┌────────

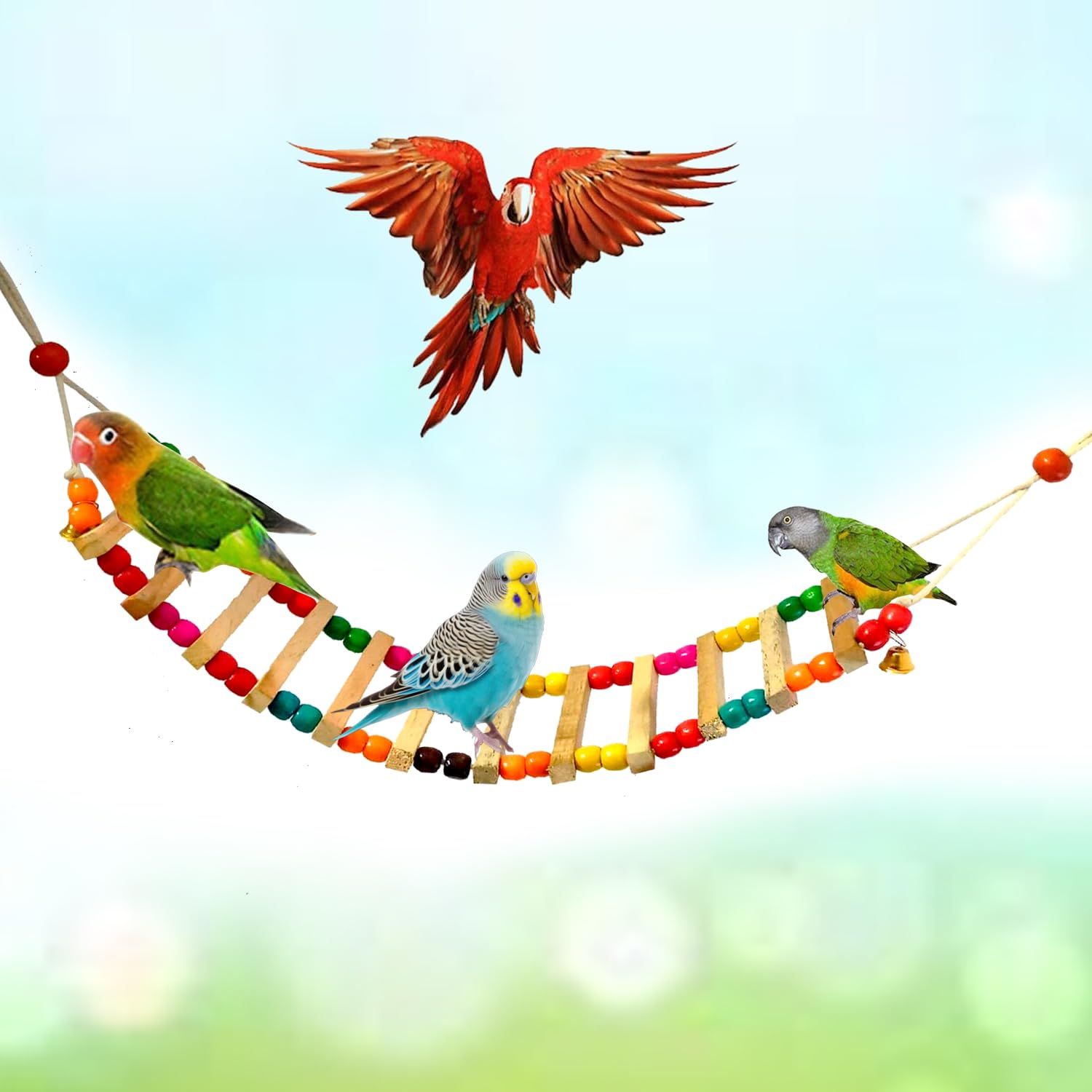 See full amazon price history chart for Jainsons Pet Products Bird Parrot Toys 28" Ladders Swing Chewing Toys Hanging Colourful Bird Toys Cage Accessories Hammock Swing Toy for Small Parakeets Cockatiels, Lovebirds, Lovebirds, Finches Jainsons Pet Products Bird Parrot Toys 28" Ladders Swing Chewing Toys Hanging Colourful Bird Toys Cage Accessories Hammock Swing Toy for Small Parakeets Cockatiels, Lovebirds, Lovebirds, Finches (B0CSFNYVC7) Amazon Price History, Amazon Price Tracker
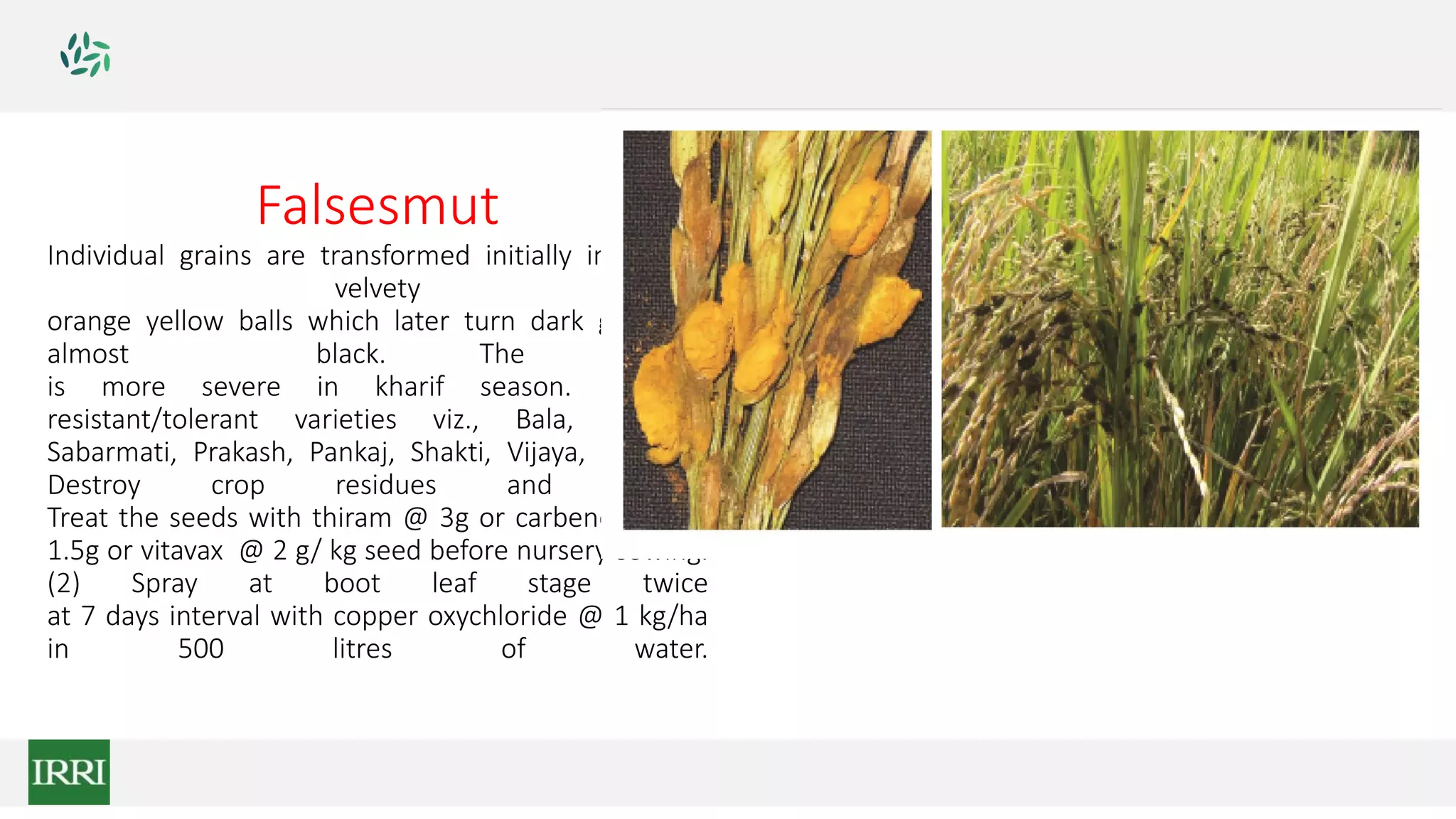 Falsesmut
Individual grains are transformed initially into large
velvety
orange yellow balls which later turn dark green or
almost black. The disease
is more severe in kharif season. Grow
resistant/tolerant varieties viz., Bala, Cauveri,
Sabarmati, Prakash, Pankaj, Shakti, Vijaya, Mashuri.
Destroy crop residues and weeds.
Treat the seeds with thiram @ 3g or carbendazim @
1.5g or vitavax @ 2 g/ kg seed before nursery sowing.
(2) Spray at boot leaf stage twice
at 7 days interval with copper oxychloride @ 1 kg/ha
in 500 litres of water.
 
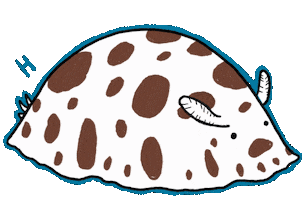 Its Me Hello Sticker by Tostoini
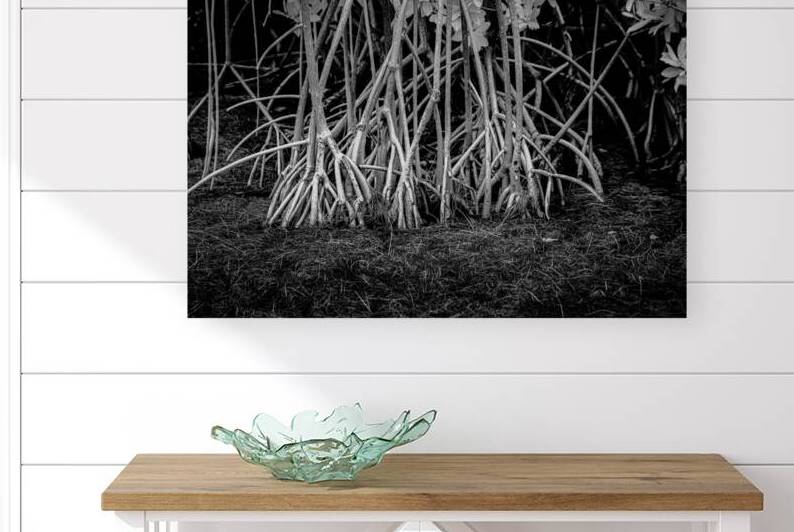 Enchanting Mangrove Tapestry: A Dance of Light and Shadows by Dream World Images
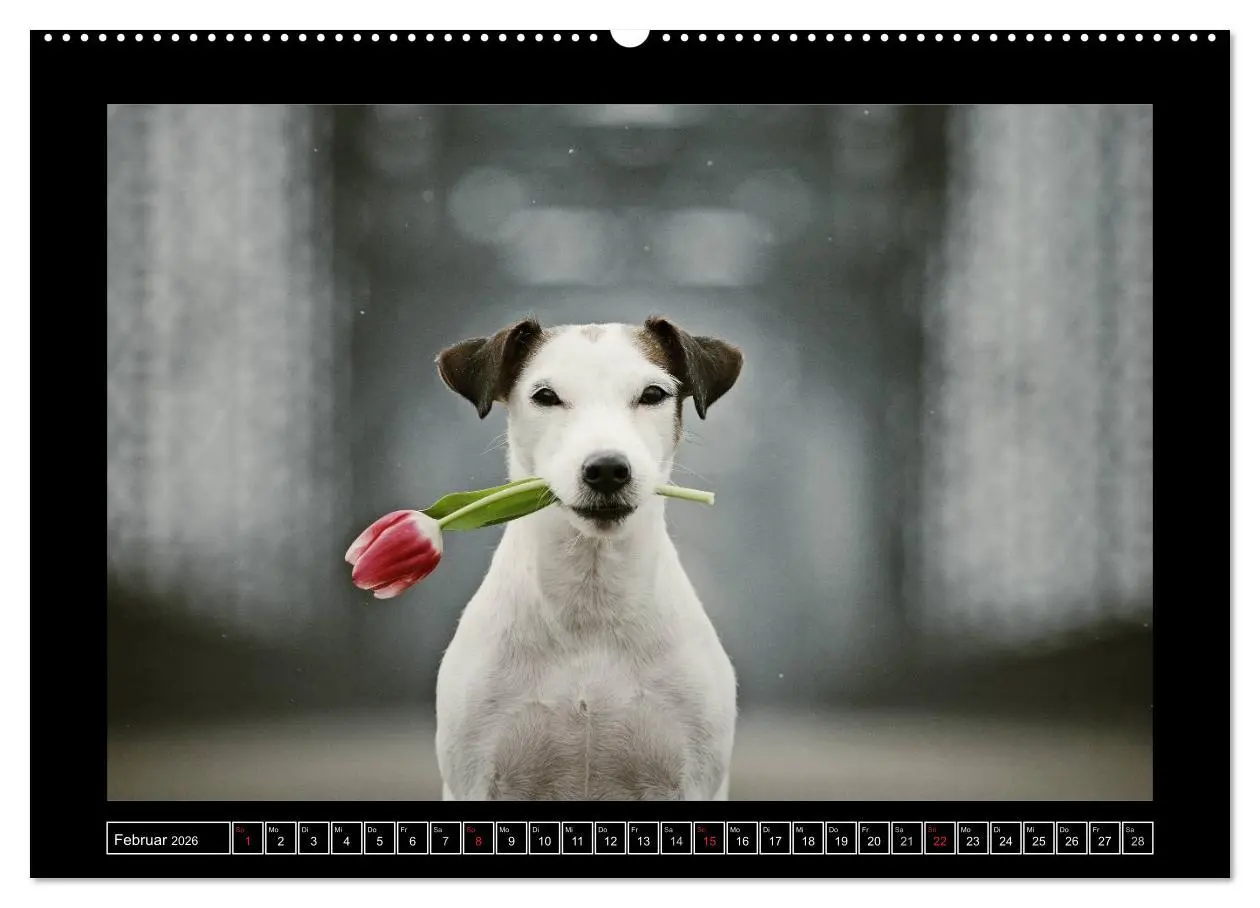 Bild: 9783516150735 | Parson Russell Terrier (Wandkalender 2026 DIN A2 quer), CALVENDO...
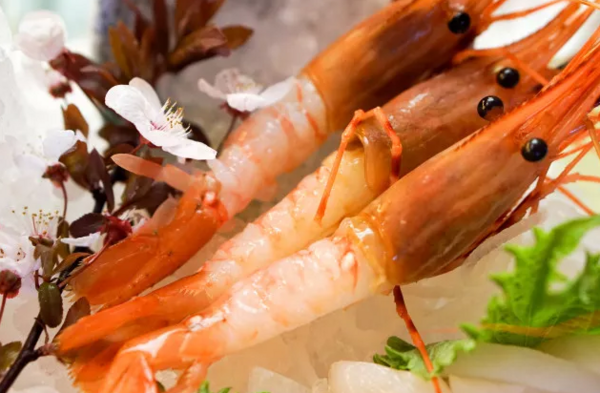 上海绿地万豪放大招！牡丹虾领衔13种刺身畅吃！这席五星日料放题，100+道菜任刷，竟有鲍鱼鹅肝！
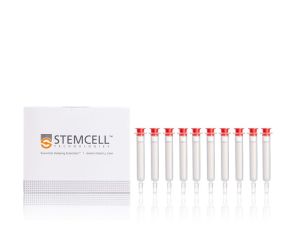 细胞外囊泡SEC柱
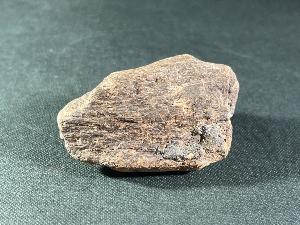 Tyrannosaurus Rex Bone Fragment, from Hell Creek Formation, Eastern Montana, U.S.A. (REF:TREX34)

└────────

Would you transcribe the listing above line by line, exactly, leaving every picture out?

Reply
 See full amazon price history chart for Jainsons Pet Products Bird Parrot Toys 28" Ladders Swing Chewing Toys Hanging Colourful Bird Toys Cage Accessories Hammock Swing Toy for Small Parakeets Cockatiels, Lovebirds, Lovebirds, Finches Jainsons Pet Products Bird Parrot Toys 28" Ladders Swing Chewing Toys Hanging Colourful Bird Toys Cage Accessories Hammock Swing Toy for Small Parakeets Cockatiels, Lovebirds, Lovebirds, Finches (B0CSFNYVC7) Amazon Price History, Amazon Price Tracker
 Falsesmut
Individual grains are transformed initially into large
velvety
orange yellow balls which later turn dark green or
almost black. The disease
is more severe in kharif season. Grow
resistant/tolerant varieties viz., Bala, Cauveri,
Sabarmati, Prakash, Pankaj, Shakti, Vijaya, Mashuri.
Destroy crop residues and weeds.
Treat the seeds with thiram @ 3g or carbendazim @
1.5g or vitavax @ 2 g/ kg seed before nursery sowing.
(2) Spray at boot leaf stage twice
at 7 days interval with copper oxychloride @ 1 kg/ha
in 500 litres of water.
 
 Its Me Hello Sticker by Tostoini
 Enchanting Mangrove Tapestry: A Dance of Light and Shadows by Dream World Images
 Bild: 9783516150735 | Parson Russell Terrier (Wandkalender 2026 DIN A2 quer), CALVENDO...
 上海绿地万豪放大招！牡丹虾领衔13种刺身畅吃！这席五星日料放题，100+道菜任刷，竟有鲍鱼鹅肝！
 细胞外囊泡SEC柱
 Tyrannosaurus Rex Bone Fragment, from Hell Creek Formation, Eastern Montana, U.S.A. (REF:TREX34)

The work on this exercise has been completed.